Posso tomar a vacina depois do prazo?
Cada imunizante usado no Brasil tem um intervalo específico previsto no protocolo de cada fabricante entre uma dose e outra, conforme os testes realizados. Mas, diante tanto da escassez de vacinas no país, como da demanda de adiantamento para alguns grupos populacionais, vez a outra a discussão sobre adiantamento e expansão desse intervalo volta à tona. Essa questão também envolve as pessoas com a D2 em atraso.
O biomédico e microbiologista, Samuel Arruda, explica que “mudanças nos prazos ainda estão sendo avaliadas. Estender ou diminuir prazos é algo que ainda está em discussão”. Isso porque, segundo ele, “no caso das vacinas para o coronavírus não se sabe dizer ainda quais as implicações de ampliar ou diminuir o prazo, e isso só se sabe quando se testa”.

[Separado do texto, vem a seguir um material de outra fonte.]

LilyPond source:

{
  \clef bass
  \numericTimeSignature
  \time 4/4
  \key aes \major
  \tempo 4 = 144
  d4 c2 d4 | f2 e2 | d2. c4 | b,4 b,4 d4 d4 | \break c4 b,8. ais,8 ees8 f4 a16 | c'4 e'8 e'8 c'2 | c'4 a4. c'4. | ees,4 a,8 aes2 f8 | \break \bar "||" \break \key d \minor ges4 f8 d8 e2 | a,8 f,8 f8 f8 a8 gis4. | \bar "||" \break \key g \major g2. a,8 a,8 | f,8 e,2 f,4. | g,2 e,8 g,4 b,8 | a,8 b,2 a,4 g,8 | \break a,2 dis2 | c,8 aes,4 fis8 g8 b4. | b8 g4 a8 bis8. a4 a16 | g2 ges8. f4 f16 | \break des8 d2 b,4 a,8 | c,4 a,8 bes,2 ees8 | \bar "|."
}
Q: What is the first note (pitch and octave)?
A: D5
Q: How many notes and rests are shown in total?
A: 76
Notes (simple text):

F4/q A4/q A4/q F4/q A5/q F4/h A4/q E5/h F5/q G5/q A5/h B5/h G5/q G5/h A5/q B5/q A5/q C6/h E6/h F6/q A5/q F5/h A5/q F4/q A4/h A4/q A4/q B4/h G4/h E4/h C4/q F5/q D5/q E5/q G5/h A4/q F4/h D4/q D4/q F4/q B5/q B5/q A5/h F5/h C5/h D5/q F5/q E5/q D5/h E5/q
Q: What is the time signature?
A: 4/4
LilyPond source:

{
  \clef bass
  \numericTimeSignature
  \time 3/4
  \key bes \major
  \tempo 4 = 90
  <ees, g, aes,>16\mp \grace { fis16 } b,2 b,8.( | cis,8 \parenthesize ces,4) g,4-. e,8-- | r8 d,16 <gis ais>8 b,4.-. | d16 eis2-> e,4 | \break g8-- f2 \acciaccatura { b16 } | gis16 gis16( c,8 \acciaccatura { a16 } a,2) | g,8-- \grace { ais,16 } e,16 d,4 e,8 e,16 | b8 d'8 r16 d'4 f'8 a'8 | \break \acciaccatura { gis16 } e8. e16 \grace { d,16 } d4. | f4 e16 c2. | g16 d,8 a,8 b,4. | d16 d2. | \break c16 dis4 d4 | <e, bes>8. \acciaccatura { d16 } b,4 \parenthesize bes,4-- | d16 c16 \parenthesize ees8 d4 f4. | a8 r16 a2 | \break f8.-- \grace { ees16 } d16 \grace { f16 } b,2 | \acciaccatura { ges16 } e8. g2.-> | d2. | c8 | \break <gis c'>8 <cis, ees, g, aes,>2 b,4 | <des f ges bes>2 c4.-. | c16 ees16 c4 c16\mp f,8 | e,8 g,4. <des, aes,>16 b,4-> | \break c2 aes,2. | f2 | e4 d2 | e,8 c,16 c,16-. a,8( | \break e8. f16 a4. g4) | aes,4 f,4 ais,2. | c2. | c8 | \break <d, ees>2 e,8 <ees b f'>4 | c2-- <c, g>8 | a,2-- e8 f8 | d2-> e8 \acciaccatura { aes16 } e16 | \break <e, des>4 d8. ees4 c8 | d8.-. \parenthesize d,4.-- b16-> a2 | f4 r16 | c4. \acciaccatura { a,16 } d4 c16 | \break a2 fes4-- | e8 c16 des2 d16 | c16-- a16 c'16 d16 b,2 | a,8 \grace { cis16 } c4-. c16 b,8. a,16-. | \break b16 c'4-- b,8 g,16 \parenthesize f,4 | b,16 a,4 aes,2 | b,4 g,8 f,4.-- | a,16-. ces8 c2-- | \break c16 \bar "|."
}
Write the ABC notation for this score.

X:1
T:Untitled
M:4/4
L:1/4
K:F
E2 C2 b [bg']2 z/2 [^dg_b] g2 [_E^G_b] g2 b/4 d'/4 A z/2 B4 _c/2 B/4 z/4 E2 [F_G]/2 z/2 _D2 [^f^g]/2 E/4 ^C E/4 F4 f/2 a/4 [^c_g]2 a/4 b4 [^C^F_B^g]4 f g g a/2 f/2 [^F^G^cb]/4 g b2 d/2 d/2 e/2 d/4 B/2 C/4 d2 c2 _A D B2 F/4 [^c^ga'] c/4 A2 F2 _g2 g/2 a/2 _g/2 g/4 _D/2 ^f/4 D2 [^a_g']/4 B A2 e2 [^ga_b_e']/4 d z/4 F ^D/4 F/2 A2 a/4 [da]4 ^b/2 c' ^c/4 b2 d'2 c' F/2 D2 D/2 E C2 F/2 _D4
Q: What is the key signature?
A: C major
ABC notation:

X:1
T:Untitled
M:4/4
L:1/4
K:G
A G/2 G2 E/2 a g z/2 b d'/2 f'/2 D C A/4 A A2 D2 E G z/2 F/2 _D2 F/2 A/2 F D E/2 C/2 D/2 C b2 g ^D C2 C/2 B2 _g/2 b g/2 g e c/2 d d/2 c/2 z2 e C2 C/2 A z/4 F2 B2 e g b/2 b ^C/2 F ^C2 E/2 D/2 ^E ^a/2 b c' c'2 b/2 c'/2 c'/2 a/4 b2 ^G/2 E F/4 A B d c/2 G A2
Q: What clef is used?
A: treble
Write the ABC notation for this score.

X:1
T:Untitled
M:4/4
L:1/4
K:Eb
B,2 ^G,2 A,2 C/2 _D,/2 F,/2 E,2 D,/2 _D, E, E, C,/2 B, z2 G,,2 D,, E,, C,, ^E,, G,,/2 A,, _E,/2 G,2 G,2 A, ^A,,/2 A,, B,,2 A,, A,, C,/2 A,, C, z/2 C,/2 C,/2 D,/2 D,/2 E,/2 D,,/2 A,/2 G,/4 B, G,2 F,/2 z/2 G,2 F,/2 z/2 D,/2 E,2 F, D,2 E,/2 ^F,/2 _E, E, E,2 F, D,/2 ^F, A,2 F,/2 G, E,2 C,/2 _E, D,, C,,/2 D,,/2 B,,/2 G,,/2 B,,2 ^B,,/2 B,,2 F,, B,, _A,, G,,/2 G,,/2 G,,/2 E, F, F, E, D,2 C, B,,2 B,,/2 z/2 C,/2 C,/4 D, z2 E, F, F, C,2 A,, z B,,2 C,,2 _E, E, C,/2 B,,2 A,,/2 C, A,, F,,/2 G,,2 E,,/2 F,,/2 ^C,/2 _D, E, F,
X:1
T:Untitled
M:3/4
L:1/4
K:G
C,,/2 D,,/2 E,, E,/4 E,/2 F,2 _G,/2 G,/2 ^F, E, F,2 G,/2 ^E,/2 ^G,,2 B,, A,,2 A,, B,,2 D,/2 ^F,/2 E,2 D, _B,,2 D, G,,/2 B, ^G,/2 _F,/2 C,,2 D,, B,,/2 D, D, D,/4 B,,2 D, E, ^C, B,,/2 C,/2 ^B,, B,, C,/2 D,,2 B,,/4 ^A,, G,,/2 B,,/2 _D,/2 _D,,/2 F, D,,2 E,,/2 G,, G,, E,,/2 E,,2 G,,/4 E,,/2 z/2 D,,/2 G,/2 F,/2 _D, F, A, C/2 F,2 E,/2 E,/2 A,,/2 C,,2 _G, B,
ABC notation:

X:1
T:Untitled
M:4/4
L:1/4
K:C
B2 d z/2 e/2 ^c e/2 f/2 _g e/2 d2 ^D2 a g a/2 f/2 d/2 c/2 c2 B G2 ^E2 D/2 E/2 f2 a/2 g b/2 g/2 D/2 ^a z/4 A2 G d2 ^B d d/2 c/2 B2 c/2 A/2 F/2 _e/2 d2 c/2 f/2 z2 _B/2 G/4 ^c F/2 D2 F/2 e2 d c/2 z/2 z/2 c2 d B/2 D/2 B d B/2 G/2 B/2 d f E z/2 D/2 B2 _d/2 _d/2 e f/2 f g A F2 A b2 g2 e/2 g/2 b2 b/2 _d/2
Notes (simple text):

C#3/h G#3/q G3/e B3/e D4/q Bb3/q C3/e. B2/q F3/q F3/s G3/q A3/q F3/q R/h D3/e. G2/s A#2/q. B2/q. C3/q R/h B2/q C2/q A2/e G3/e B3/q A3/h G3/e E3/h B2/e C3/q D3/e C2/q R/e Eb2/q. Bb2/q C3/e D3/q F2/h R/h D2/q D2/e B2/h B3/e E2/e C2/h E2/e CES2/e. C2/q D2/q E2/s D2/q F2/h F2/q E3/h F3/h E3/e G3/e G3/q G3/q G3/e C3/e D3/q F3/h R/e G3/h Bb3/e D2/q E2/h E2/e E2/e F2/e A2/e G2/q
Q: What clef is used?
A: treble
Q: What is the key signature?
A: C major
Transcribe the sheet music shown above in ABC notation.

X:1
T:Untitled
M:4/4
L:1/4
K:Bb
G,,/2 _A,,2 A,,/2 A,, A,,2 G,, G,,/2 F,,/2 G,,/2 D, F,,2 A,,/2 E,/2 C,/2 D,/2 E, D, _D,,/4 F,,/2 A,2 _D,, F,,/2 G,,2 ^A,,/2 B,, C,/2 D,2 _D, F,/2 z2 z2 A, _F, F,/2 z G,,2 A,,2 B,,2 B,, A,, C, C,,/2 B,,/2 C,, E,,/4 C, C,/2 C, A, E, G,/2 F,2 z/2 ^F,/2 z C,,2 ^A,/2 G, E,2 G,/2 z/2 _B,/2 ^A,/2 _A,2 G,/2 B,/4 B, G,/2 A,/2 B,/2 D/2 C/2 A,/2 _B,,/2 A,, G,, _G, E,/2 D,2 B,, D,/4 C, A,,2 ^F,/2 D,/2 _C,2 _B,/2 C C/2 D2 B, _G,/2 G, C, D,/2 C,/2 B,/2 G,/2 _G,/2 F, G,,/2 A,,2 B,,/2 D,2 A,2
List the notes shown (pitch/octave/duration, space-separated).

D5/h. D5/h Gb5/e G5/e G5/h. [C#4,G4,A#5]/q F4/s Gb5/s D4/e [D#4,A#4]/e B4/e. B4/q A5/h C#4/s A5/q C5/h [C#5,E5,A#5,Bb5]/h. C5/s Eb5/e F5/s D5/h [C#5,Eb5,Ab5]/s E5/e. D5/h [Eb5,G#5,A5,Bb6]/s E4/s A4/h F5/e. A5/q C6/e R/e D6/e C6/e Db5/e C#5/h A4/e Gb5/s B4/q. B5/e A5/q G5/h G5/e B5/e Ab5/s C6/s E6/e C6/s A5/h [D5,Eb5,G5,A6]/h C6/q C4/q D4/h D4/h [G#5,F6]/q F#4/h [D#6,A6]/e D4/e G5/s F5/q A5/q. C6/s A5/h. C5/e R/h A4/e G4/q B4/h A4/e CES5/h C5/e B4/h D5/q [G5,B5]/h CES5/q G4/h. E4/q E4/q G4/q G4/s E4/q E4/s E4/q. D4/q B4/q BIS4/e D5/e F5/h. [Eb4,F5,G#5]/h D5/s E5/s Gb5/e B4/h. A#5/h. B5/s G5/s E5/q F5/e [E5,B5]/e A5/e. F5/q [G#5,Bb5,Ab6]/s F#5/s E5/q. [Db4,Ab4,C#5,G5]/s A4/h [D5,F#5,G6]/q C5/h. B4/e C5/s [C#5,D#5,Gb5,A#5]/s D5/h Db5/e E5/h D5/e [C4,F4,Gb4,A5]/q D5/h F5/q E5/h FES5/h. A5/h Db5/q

O médico infectologista e consultor em infectologia da Escola de Saúde Pública do Ceará, Keny Colares ressalta que das quatro vacinas em uso no Brasil, somente uma “tem essa estratégia de ser dose única. E o tempo vai dizer se o grau de proteção dela e a duração realmente são comparáveis a outras vacinas”.
Em relação às pessoas cuja segunda dose está atrasada, ele orienta que “mesmo que não tenha sido respeitado o intervalo, quando houver a segunda dose o sistema imunológico tem esse efeito memória. Se a pessoa perder a dose, e fizer com dois ou três meses de atraso certamente o sistema imunológico vai gerar resposta”.
De acordo com ele, quando há essa demora no retorno para a segunda dose “é possível que se tenha uma perda na capacidade de proteção” porque, explica ele, “elas (vacinas) são testadas em determinadas condições. Porque foram estudadas em pesquisas, foram comprovadas que funcionam. Mas, fora desse prazo não foi testado e comprovado”.
Contudo, ele reitera que quem perdeu a segunda dose é importante que retorne para receber a vacina e ressalta que, mesmo que o intervalo seja maior que o previsto nos protocolos, a pessoa vacina com a primeira não precisa recomeçar o esquema vacinal, basta receber a segunda dose.